■ **WORK ORDER**
Could you retype all of the records exactly, leaving out every picture?

DATA PROVIDED: Begin

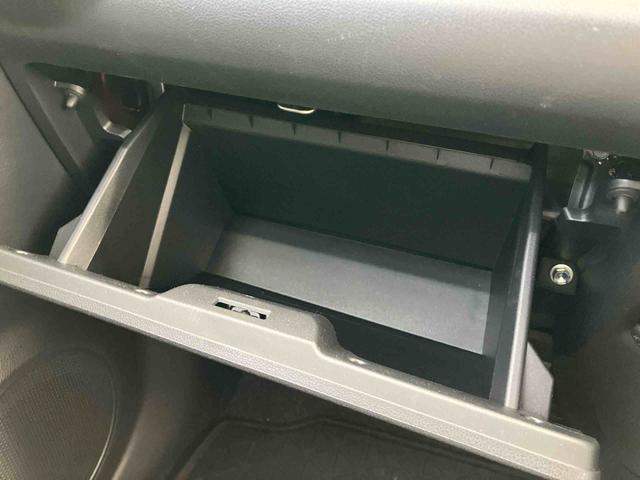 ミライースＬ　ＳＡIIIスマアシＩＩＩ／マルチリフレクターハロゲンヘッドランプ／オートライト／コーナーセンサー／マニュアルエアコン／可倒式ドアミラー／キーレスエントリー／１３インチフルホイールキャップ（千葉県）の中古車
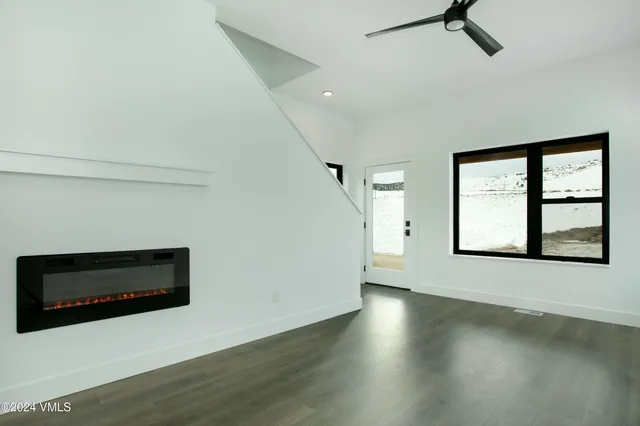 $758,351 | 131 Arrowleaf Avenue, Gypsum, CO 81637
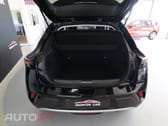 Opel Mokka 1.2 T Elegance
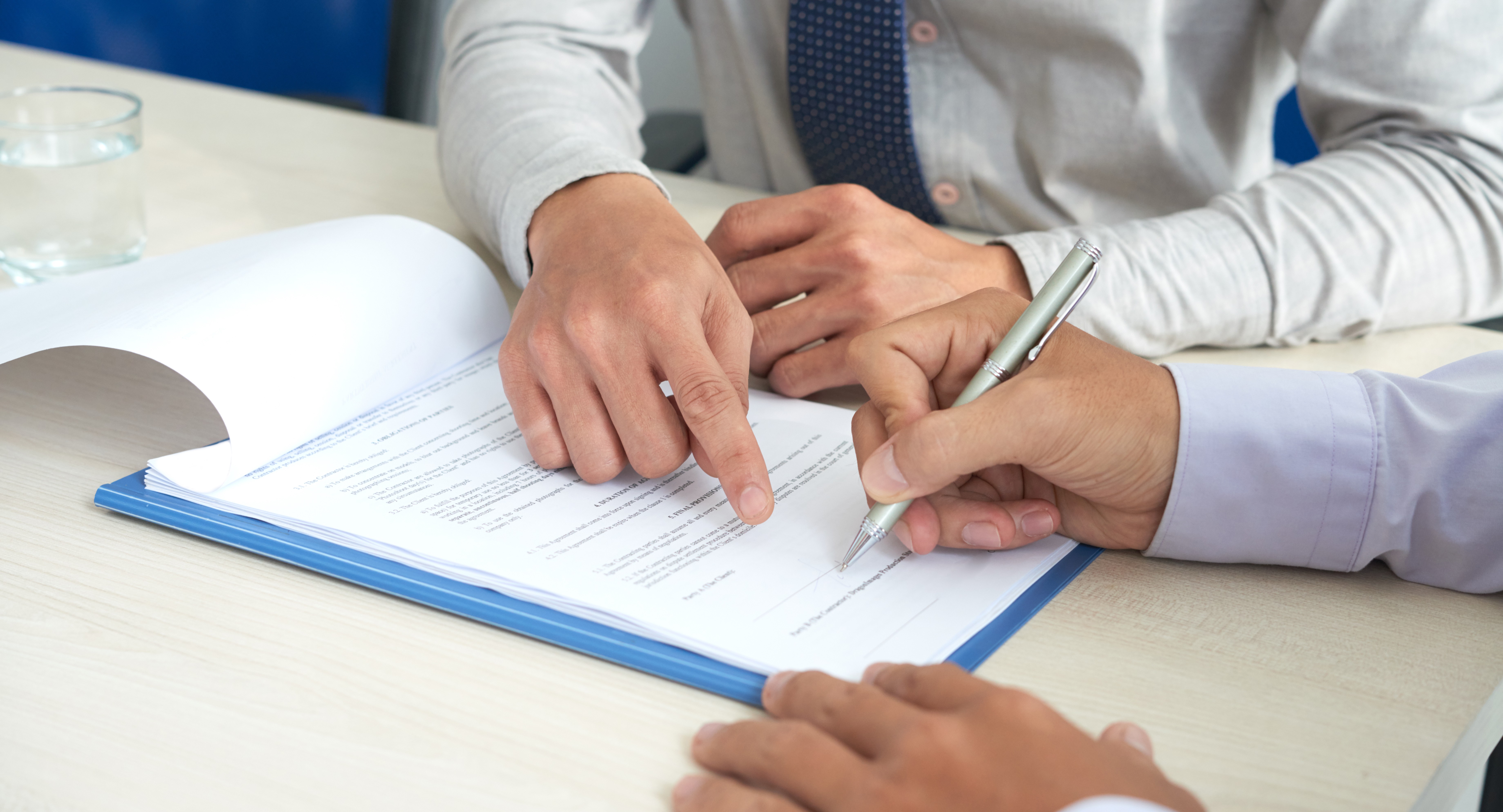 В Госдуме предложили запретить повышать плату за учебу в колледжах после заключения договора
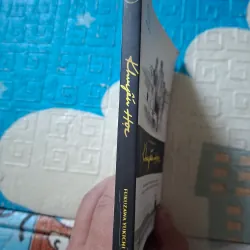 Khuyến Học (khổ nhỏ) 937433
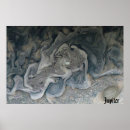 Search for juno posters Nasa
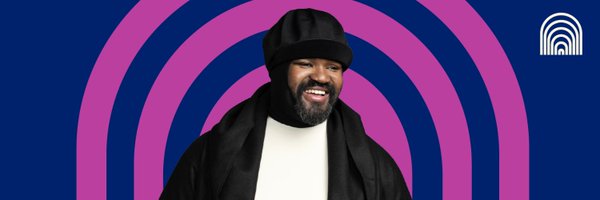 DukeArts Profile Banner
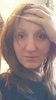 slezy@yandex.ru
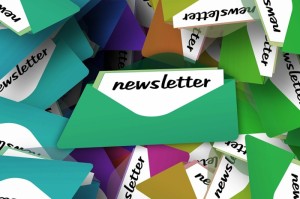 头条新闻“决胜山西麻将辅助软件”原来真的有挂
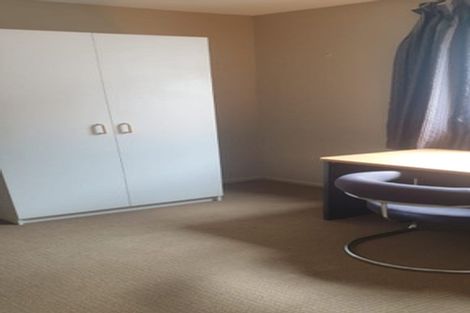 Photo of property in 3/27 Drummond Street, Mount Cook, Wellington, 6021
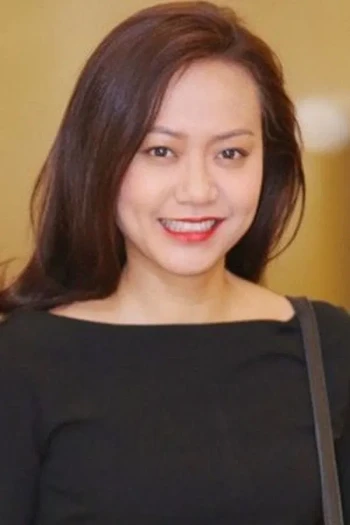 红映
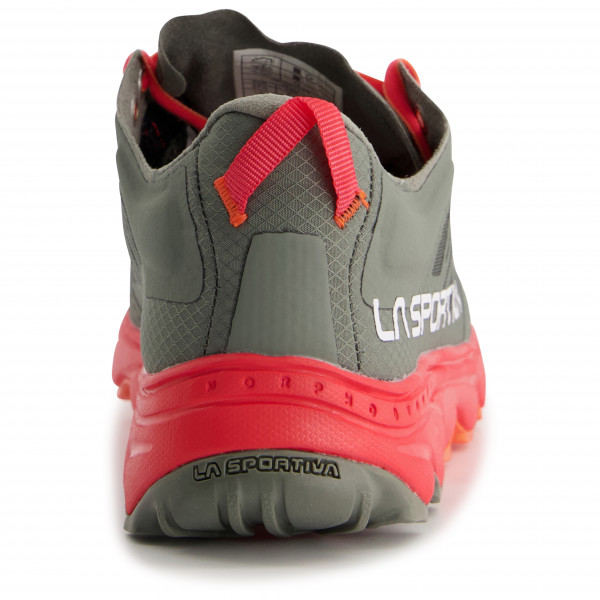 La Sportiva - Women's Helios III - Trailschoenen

DATA PROVIDED: End

■ **TASK RESPONSE**
 ミライースＬ　ＳＡIIIスマアシＩＩＩ／マルチリフレクターハロゲンヘッドランプ／オートライト／コーナーセンサー／マニュアルエアコン／可倒式ドアミラー／キーレスエントリー／１３インチフルホイールキャップ（千葉県）の中古車
 $758,351 | 131 Arrowleaf Avenue, Gypsum, CO 81637
 Opel Mokka 1.2 T Elegance
 В Госдуме предложили запретить повышать плату за учебу в колледжах после заключения договора
 Khuyến Học (khổ nhỏ) 937433
 Search for juno posters Nasa
 DukeArts Profile Banner
 slezy@yandex.ru
 头条新闻“决胜山西麻将辅助软件”原来真的有挂
 Photo of property in 3/27 Drummond Street, Mount Cook, Wellington, 6021
 红映
 La Sportiva - Women's Helios III - Trailschoenen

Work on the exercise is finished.